Von Christine Westerhaus | 24.09.2018
    Die Knochen des britischen Königs Richard III.
    Mit DNA-Profil identifiziert: Die Knochen des britischen Königs Richard III. (UNIVERSITY OF LEICESTER)
    Auf den ersten Blick erscheint das Angebot eines Schweizer Unternehmens wie ein Schnäppchen: Die Basisanalyse der genetischen Abstammung mit schriftlichem Zertifikat in edlem Rahmen ist für knapp 180 Euro zu haben. Sollte sich herausstellen, dass das DNA-Profil des Kunden mit dem des ägyptischen Herrschers Tutenchamun übereinstimmt, dann ist der Spaß sogar umsonst.
    Wenn Mark Thomas vom University College London so etwas hört, sträuben sich bei ihm die Nackenhaare.
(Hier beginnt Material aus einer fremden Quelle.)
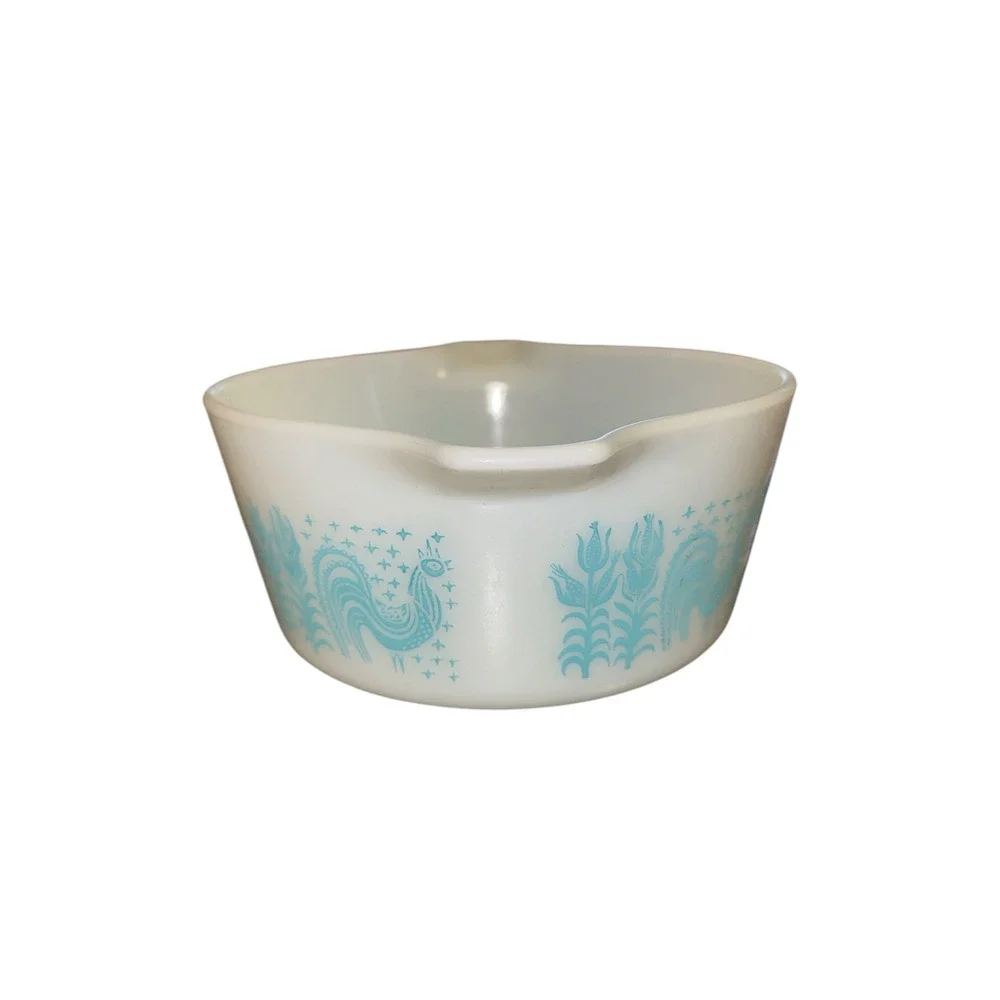 Vintage Pyrex Butterprint Amish 474-B 1.5 QT Turquoise White Cinderella Bowl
Vor Kurzem hat der Professor für evolutionäre Genetik ein wissenschaftliches Paper über die absurden Aussagen dubioser Ahnenforscher geschrieben, es wird demnächst veröffentlicht.
    "Es gibt in unserem Forschungsgebiet schon länger Spannungen, weil manche Kollegen irgendwelche Geschichten in ihre Genanalysen hineininterpretierten. Wirklich aufgeregt habe ich mich aber, als ich in der BBC ein Gespräch mit einem Unternehmer gehört habe. Der behauptete, er hätte jemanden in Schottland identifiziert, der ein Enkel der biblischen Eva ist. Als der Unternehmer dann auch noch behauptete, es sei akademische Forschung, was er da betreibe, bin ich richtig sauer geworden."
    Nach Kritik Post vom Anwalt
    Um seinem Ärger Luft zu machen, schrieb Mark Thomas eine kurze ironische E-Mail an einen ehemaligen Kollegen, der inzwischen für die Gentest-Firma arbeitete. Als Antwort bekam er Post vom Anwalt. Dabei hat Mark Thomas weniger ein Problem damit, dass Unternehmen private Genanalysen anbieten. Es sind ihre absurden Aussagen über vermeintliche genetische Abstammungen, über die sich der Forscher aufregt:
    "Es gibt einen Haufen verrückter Aussagen. Wie zum Beispiel: 'Deine Chromosomen zeigen, dass du von den Jägern und Sammlern abstammst.' Oder: 'Deine Vorfahren haben Großbritannien um 3000 bis 4000 vor Christi erreicht.' Tatsache ist, dass jeder Vorfahren hat, die zu den Jäger und Sammlern gehörten. Vor 10.000 Jahren waren wir alle Jäger und Sammler."
    Die Aussagen der vermeintlichen Ahnenforscher sind also nicht unbedingt falsch. Doch sie sind so allgemein, dass sie auf jeden zutreffen, der in einer bestimmten Region lebt. Dennoch fühlen sich Menschen davon persönlich angesprochen. Psychologen nennen das den "Barnum-" oder "Forer-" Effekt: Menschen schätzen Aussagen eher dann als zutreffend ein, wenn sie über sie selbst gemacht werden.
    "Genetische Astrologie"
    Das erkläre auch die Popularität von Horoskopen, meint Mark Thomas, weshalb er den Mythos um persönliche Abstammungsprofile "Genetische Astrologie" nennt: "Du wirst in diesem Monat einen großen dunkelhaarigen Unbekannten treffen. Ja, das stimmt definitiv."

    Die Idee, mithilfe von Gentests in der eigenen Ahnenreihe zu stöbern, sei zwar nicht völlig aus der Luft gegriffen. Konkrete Aussagen über die eigene Abstammung ließen aber sich nur selten weiter als ein paar Generation weit in die Vergangenheit machen.
    "Viele Leute, die ihre DNA untersuchen lassen, haben vorher schon eigene Ahnenforschung betrieben. Sie haben in Kirchenbüchern und ähnlichem recherchiert und wollen dann zusätzlich einen Gentest machen, um mehr über ihre Abstammung zu erfahren. Ich finde das wissenschaftlich völlig legitim, es ist quasi so etwas wie Bürgerforschung, was großartig ist. Und es gibt auch tatsächlich interessante Beispiele, bei denen einzelne Personen anhand von Genanalysen identifiziert wurden. Zum Beispiel Richard der Dritte."
    Prominentes Beispiel Richard III.
    Das Skelett dieses britischen Königs war 2012 unter einem öffentlichen Parkplatz in der Stadt Leicester entdeckt worden. Anhand des DNA-Profils eines Neffen von Richard III. in der 17. Generation konnten die sterblichen Überreste dem britischen Monarchen zugeordnet werden. Ob allerdings auch Normalsterbliche ihre Verwandten auf diesem Weg finden werden, ist fraglich. Denn wer verfügt schon über eine Ahnentafel, die mehr als 500 Jahre zurückreicht.